10/06/2011
Il logo della campagna Noppaw.
In queste ultime settimane sono state moltissime le iniziative e gli incontri in cui, ancora una volta, la nostra attenzione si è concentrata sulla grande ricchezza del mondo femminile, specie della donna africana. Così come sono emerse le tante contraddizioni che esistono nella nostra società, dove la donna è ancora considerata non come risorsa di mente e di cuore, ma semplicemente per i vari servizi che può offrire, tra cui quello manuale e soprattutto sessuale.
In alcuni di questi incontri erano presenti e coinvolte le stesse donne africane che chiedono alle nostre istituzioni e alla nostra Chiesa più attenzione e rispetto, libertà e dignità, riconoscimento e apprezzamento. Durante il viaggio intrapreso con due suore nigeriane in varie regioni d’Italia abbiamo potuto approfondire sul campo il problema della tratta di esseri umani per lo sfruttamento sessuale, costatare di persona il lavoro fatto per il contrasto di questo fenomeno, ma soprattutto renderci conto di quanto rimane ancora da fare per sconfiggere la prostituzione coatta di tante donne, specialmente nigeriane.
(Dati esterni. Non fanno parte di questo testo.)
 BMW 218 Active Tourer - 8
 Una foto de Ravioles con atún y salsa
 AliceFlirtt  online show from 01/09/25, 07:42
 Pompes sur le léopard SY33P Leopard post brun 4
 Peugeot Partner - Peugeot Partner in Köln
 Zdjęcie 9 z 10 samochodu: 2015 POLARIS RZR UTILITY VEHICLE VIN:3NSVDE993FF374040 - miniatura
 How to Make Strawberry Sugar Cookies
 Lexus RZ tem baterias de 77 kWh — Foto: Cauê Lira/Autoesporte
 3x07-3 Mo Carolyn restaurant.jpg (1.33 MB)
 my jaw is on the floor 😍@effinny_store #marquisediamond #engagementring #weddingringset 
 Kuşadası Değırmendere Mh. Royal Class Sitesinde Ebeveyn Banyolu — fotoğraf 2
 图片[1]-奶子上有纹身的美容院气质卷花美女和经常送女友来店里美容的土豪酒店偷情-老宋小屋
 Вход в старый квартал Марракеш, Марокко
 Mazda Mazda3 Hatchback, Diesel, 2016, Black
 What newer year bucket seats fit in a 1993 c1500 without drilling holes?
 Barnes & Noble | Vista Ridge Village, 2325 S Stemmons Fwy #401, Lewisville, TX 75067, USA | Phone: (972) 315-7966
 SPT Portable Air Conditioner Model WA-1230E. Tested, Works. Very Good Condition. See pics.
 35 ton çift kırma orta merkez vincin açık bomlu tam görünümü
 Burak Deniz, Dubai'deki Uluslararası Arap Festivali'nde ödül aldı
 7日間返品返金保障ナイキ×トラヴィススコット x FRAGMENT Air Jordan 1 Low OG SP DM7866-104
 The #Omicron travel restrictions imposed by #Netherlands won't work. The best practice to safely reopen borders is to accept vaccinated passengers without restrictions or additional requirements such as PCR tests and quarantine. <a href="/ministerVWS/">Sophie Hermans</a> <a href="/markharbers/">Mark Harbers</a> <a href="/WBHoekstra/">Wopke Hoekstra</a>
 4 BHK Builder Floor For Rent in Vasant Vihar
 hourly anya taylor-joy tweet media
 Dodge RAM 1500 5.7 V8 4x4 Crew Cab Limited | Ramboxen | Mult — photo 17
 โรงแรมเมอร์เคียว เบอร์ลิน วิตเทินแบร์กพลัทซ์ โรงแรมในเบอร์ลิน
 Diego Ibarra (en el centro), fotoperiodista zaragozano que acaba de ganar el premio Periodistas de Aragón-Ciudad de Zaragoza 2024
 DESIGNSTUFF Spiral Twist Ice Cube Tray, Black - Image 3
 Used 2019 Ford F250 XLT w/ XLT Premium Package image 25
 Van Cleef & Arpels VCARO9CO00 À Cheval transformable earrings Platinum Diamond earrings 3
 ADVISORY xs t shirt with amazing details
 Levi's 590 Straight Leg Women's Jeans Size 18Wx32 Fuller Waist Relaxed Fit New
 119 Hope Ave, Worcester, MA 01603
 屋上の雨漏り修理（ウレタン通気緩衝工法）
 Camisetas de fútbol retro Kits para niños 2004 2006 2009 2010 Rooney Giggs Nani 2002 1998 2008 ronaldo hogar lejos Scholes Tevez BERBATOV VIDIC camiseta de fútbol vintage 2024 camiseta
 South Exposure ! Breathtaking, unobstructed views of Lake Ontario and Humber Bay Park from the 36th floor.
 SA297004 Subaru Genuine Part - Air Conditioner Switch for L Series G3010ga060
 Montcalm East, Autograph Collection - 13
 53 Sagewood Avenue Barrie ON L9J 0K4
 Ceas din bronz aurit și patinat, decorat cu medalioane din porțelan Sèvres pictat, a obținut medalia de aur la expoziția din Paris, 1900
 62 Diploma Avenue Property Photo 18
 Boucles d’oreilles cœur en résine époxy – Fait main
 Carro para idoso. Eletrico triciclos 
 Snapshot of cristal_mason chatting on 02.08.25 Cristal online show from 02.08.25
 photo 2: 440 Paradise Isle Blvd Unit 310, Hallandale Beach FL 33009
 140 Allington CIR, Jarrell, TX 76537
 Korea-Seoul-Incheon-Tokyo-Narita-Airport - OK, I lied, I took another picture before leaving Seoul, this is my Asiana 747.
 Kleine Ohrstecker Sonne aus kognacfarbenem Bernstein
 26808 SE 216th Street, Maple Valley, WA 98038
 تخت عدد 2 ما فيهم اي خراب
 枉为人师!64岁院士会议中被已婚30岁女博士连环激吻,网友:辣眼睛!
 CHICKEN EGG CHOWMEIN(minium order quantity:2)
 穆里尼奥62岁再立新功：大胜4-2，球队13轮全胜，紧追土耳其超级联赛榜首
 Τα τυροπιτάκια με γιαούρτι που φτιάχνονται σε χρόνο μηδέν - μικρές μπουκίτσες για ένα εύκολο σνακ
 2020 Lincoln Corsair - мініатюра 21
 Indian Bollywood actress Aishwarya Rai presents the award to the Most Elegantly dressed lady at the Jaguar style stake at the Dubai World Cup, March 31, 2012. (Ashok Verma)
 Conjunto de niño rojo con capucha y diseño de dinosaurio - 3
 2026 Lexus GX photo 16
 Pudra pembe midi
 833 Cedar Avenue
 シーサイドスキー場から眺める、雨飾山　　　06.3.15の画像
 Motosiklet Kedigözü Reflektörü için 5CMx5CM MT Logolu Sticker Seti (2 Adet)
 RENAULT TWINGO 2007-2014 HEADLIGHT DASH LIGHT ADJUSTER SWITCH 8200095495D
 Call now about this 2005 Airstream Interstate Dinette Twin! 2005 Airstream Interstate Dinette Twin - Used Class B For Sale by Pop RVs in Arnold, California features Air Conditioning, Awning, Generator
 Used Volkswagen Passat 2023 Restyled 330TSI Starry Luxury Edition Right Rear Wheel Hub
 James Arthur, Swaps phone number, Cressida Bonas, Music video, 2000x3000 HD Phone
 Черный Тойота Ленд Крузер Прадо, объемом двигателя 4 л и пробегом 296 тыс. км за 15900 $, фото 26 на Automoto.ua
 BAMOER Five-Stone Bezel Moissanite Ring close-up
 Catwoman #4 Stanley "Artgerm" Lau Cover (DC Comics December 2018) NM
Negli stessi giorni ho partecipato all’incontro organizzato, presso il ministero degli Affari Esteri a Roma, per la presentazione della Campagna di NOPPAW per il conferimento del Premio Nobel per la Pace 2011 alle donne d’Africa. Contemporaneamente tale candidatura veniva presentata direttamente al Comitato a Oslo. Moltissime erano le delegazioni di donne africane desiderose di offrire il loro contributo per una società giusta e pacifica, fondata su giustizia, equità, rispetto, dignità.
L’immagine più bella e vera che è uscita dalla presentazione di questa campagna è quella di una donna gioiosa, laboriosa, intuitiva, intraprendente, profondamente religiosa e costantemente in cammino. Ben venga dunque il Premio Nobel alle donne africane. Ma dobbiamo essere consapevoli che non potremo godere di questo traguardo se non avremo sconfitto la schiavitù di tante, troppe donne africane, costrette a vivere e a consumarsi sui nostri marciapiedi ad uso e consumo dei clienti del sesso a pagamento.
Non è possibile riconoscere alle donne africane il loro grande valore e apporto alla società, con la loro intraprendenza, tenacia e coraggio, senza ricordare anche tutte coloro che sono umiliate e sfruttate, costrette a vendere il loro giovane corpo insieme ai loro sogni, alla loro giovinezza e alla loro voglia di vivere una vita dignitosa e utile per loro e per la loro famiglia. Solo sconfiggendo la tratta di esseri umani, la nostra campagna per il Premio Nobel per la Pace 2011 avrà senso e valore. Perché anche le donne sfruttate potranno goderne, giacché loro stesse si saranno riappropriate del premio più grande: la loro dignità e libertà.